The upper chamber described the fiscal document which is a prelude to the presentation of the 2017 budget as “completely empty” not worthy of its consideration.

Senate Leader, Senator Mohammed Ali Ndume, who tore the document into shreds, drew the attention of the Senate to a publication where the Minister of Budget and National Planning, Senator Udoma Udo Udoma reportedly blamed the National Assembly for the inability of the Presidency to present the 2017 budget in October 2016 as promised.
Ndume who relied on Order 42 and 52 of the Senate Standing Rules, prayed the Senate to resolve to call Udoma to order.
He noted that it was unfortunate that the Presidency had started once again the blame game that rubbished the 2016 budget.
He said that it was wrong for the Presidency to give Nigerians the impression that the National Assembly was responsible for the avoidable delay in presentation of the 2017 budget especially when it was obvious that the MTEF submitted to the National Assembly was empty.
The Senate Leader noted that when the leadership of the Senate discovered that the MTEF was empty, Udoma was invited to brief the leadership on grey areas of the MTEF/FSP on Tuesday.
He said that the Senate leadership was stunned when Udoma failed to honour the invitation.
He also said that the minister failed to submit vital documents the Senate requested from him.
The Senate Leader who displayed a copy of the MTEF repeatedly said furiously,“ this document is empty, it is completely empty and you cannot build something on nothing.”
Ndume said, “The report with the headline which says, “Budget 2017: Blame National Assembly for failure to meet to meet October target”.
“The Minister of Budget and National Planning Udoma Udoma stated that the suspension of the debate of the MTEF/FSP which lays the foundation for the budget has stalled the Ministry’s plan to transmit the 2017 budget to the National Assembly.
“As the Leader of this Senate and I am responsible for presenting communications, bills from the Executive.

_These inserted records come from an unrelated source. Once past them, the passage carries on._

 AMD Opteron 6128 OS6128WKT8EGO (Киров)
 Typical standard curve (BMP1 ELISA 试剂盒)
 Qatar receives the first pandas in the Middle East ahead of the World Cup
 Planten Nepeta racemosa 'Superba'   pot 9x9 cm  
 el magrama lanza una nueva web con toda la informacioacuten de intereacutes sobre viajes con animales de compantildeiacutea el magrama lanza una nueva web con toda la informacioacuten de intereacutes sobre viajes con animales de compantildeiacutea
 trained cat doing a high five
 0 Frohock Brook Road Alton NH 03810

You will recall that we received the MTEF on 30th September. Instead of submitting it according to law not later than 1st of September, that is not even the problem.
“I went through and the copies have been circulated. I talked to some experts. Even in this chamber, we have people that you can call experts. If you look at this document that they call MTEF, it is empty. And it doesn’t contain anything. If you have nothing how do you consider nothing?

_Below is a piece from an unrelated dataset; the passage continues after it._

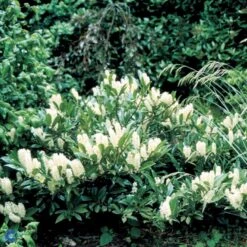 Kirsebærlaurbær 'Otto Luyken' Prunus Laurocerasus 'Otto Luyken' Potte 3,5 Liter 20-30 Cm. -Plantetorvet p3529 47489 prunus laurocerasus otto luyken 4a13
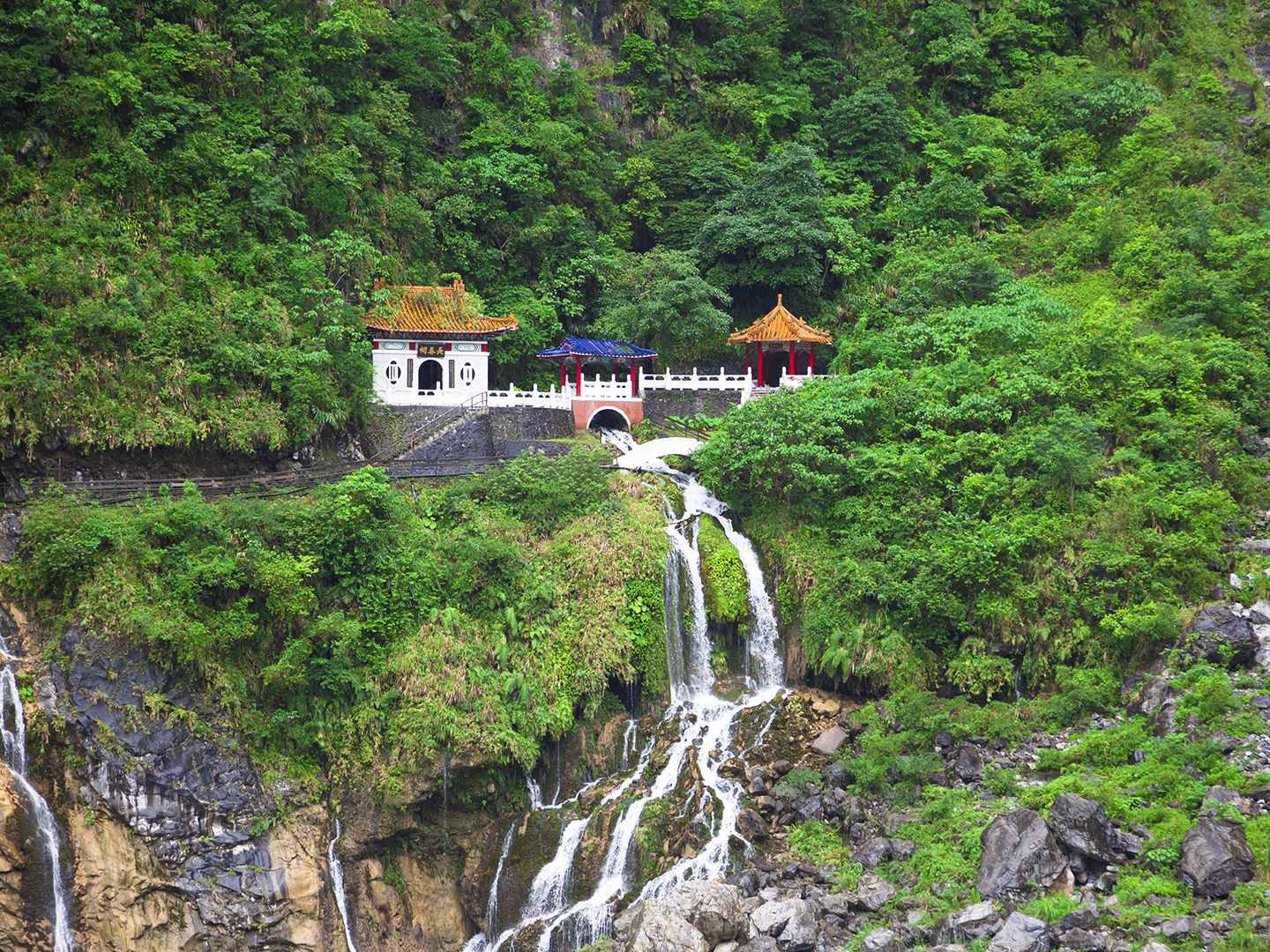 海东2020gdp_海东大树(2)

“Going through and knowing that it is empty, on October 19, 2016 I wrote to the Minister of Budget and National Planning. I crave your indulgence to highlight some of the contents and in the third paragraph, I stated: “To enable the Senate objectively review the MTEF from holistic perspective, we deem it necessary to invite you to a meeting to brief the leadership of the Senate on Tuesday 1st November. The minister failed to turn up.
“Before then, I said you are requested to please send the following documents ahead of the meeting because that is what will make us have something to consider: draft copy of Medium Term Development Plan upon which the 2017 to 2019 MTEF is founded.
“Secondly, I requested that a comprehensive report on the implementation of 2016 budget as of third quarter. And thirdly, fiscal rates taxes, charges etc used to derive the projected revenue.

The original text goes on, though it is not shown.